Magazine article Strings

Hail 'The King'

Magazine article Strings

Hail 'The King'

Article excerpt

Historic gilded Amati cello returns to New York City

After nearly five decades, the oldest- and arguably most famous-surviving cello has returned to the Big Apple. The "King" Amati cello, c. 1572, has moved from its digs at the National Music Museum on the University of South Dakota campus in rural Vermillion to the Metropolitan Museum of Art in Manhattan for a summerlong exhibition through September 8. Cleveland Johnson, director of the NMM, told KDLT News that the cello is "one of the [museum]'s crown jewels-akin to being the 'Mona Lisa' of Italian stringed instruments."

New Yorkers last had a chance to see the "King" in 1968 when the Rockefeller University for the Conference on Scientific Aspects of Musical Instruments exhibited the "King" Amati cello in New York City.
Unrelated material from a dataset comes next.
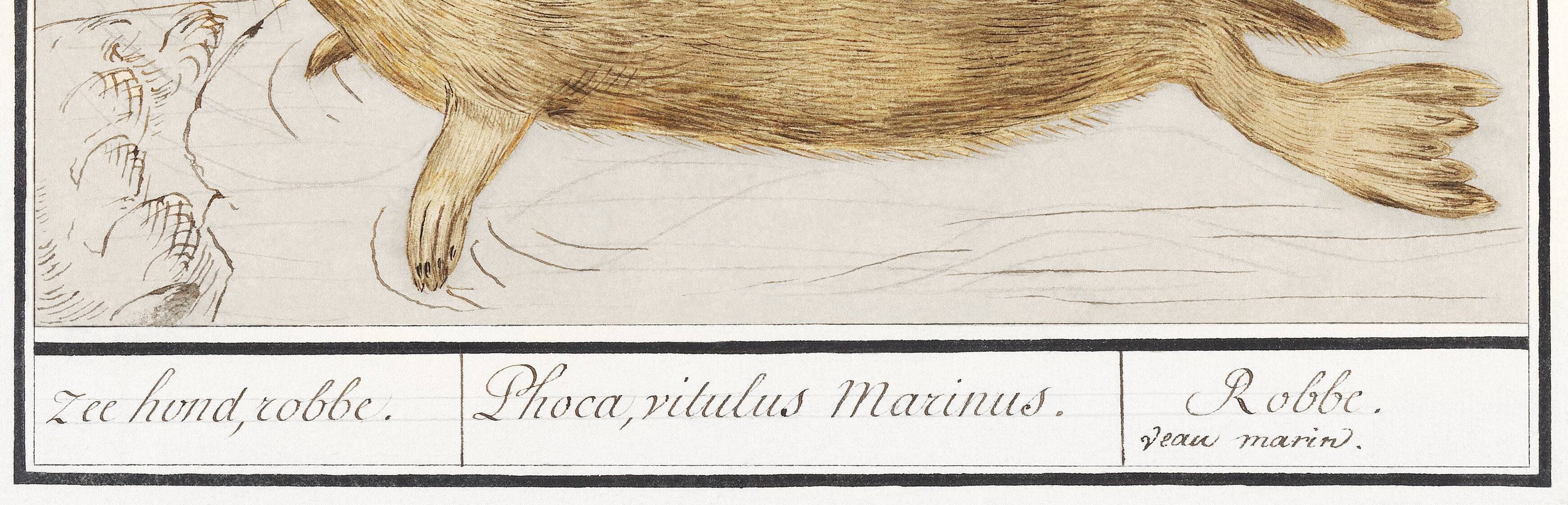 Small poster about the seal, based on an old engraving from 1610.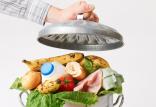 ضایعات غذایی,اخبار علمی,خبرهای علمی,اختراعات و پژوهش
At that time, it was examined closely by violin experts. "The 'King' cello offers visitors a big picture window onto the 16th century and the origins of the violin family," says violin dealer Claire Givens, a member of the NMM board of directors.

The "King" has been cut down in size from its original shape, most likely in the early 19th century, to the more popular-sized cello. However, it started life as a threestringed basso, perhaps as early as 1538, and is the earliest surviving bass instrument of the violin family. It was made in the mid-16th century by Andrea Amati, the founding master of the Cremonese violin tradition. It remains an iconic master work of the Italian Renaissance.